Your instructions: Word for word, retype the first line of the records and every following line through the one containing "Passage Home (1955) 4 Lobby Cards".

Supplied data:
☆ ☆ ☆ ☆ ☆

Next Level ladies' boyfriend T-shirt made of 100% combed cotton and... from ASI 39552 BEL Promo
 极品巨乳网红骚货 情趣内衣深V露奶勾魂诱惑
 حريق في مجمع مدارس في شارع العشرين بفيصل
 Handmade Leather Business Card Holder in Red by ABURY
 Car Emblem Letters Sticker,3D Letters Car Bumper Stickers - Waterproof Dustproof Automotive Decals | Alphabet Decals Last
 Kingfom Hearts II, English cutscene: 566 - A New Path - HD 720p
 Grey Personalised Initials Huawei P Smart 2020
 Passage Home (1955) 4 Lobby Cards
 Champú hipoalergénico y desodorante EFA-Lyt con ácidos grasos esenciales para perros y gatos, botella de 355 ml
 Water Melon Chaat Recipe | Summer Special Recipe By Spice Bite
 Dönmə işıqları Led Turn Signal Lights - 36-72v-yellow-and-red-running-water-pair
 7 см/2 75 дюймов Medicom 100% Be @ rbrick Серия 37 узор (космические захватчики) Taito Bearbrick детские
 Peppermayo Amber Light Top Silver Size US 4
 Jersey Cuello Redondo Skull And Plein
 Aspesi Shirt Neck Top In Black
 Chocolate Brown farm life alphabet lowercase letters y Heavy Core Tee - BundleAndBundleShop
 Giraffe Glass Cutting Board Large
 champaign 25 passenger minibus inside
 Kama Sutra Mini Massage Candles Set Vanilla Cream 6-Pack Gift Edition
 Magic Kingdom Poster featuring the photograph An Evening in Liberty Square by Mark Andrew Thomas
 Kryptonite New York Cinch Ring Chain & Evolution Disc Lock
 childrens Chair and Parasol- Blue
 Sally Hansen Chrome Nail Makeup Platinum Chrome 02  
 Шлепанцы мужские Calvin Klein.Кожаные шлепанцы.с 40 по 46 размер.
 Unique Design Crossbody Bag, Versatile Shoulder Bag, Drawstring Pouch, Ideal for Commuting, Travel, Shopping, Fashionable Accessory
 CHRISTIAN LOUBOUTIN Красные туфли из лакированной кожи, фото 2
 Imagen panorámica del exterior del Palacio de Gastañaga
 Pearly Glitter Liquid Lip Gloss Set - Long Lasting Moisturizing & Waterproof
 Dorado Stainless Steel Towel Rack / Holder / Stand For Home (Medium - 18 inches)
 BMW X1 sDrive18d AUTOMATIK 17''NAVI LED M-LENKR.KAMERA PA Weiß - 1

☆ ☆ ☆ ☆ ☆

Task result:
Next Level ladies' boyfriend T-shirt made of 100% combed cotton and... from ASI 39552 BEL Promo
 极品巨乳网红骚货 情趣内衣深V露奶勾魂诱惑
 حريق في مجمع مدارس في شارع العشرين بفيصل
 Handmade Leather Business Card Holder in Red by ABURY
 Car Emblem Letters Sticker,3D Letters Car Bumper Stickers - Waterproof Dustproof Automotive Decals | Alphabet Decals Last
 Kingfom Hearts II, English cutscene: 566 - A New Path - HD 720p
 Grey Personalised Initials Huawei P Smart 2020
 Passage Home (1955) 4 Lobby Cards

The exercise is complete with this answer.